Task brief ::
Exact copies of all the lines below are needed, without the pictures.

Given information ::
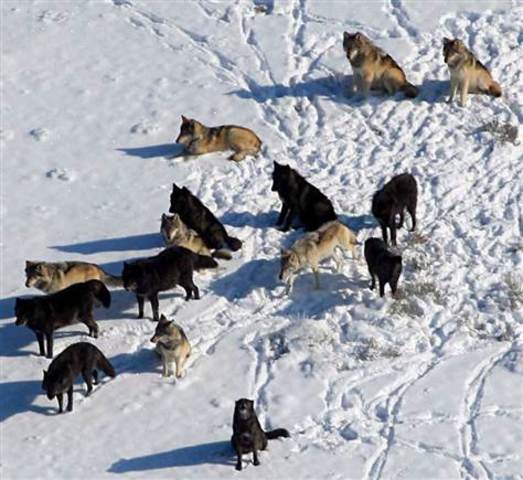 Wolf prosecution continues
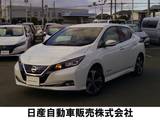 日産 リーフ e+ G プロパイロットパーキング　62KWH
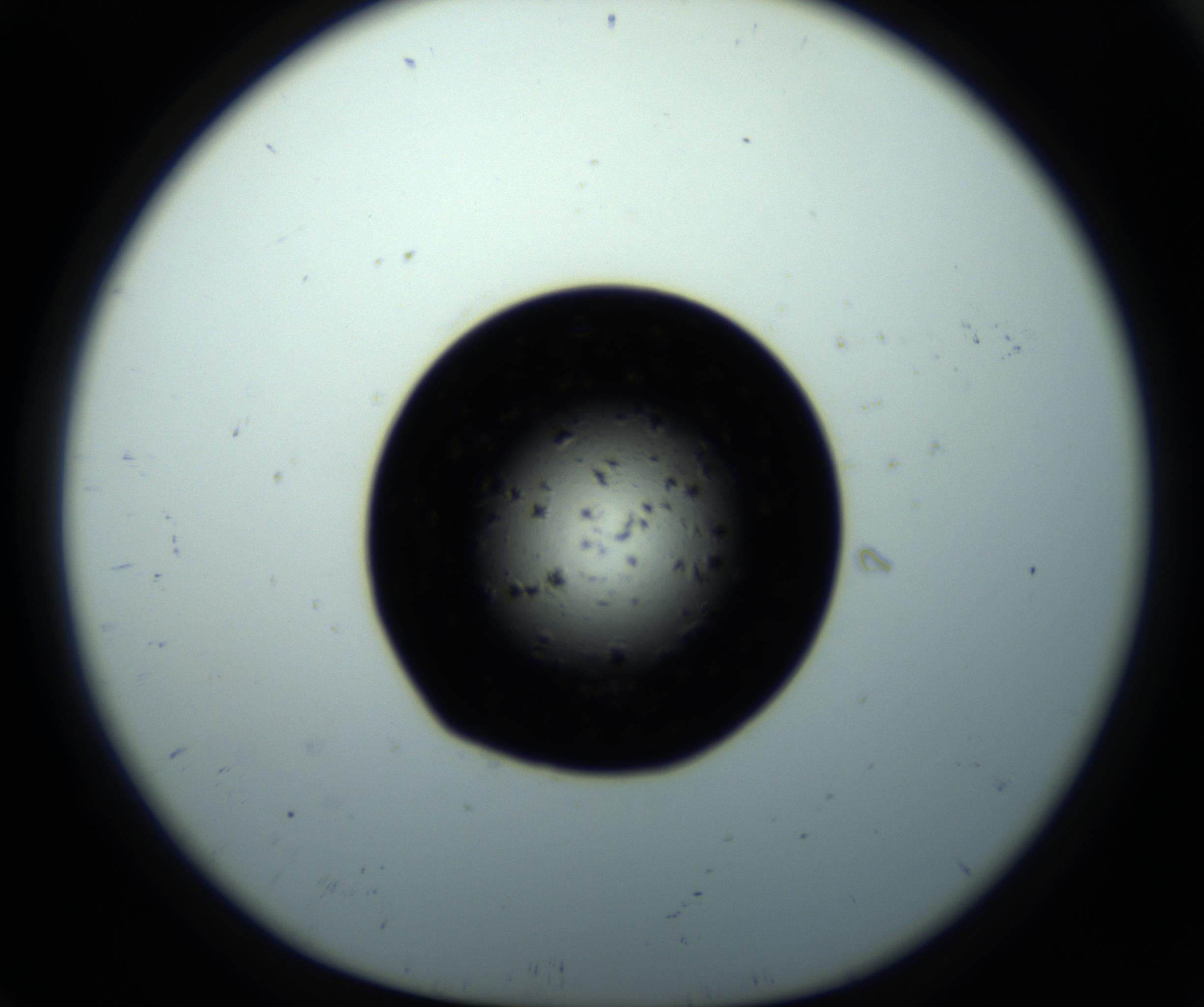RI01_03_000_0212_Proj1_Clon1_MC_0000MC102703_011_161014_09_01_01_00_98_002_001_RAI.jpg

Exercise result ::
 Wolf prosecution continues
 日産 リーフ e+ G プロパイロットパーキング　62KWH
RI01_03_000_0212_Proj1_Clon1_MC_0000MC102703_011_161014_09_01_01_00_98_002_001_RAI.jpg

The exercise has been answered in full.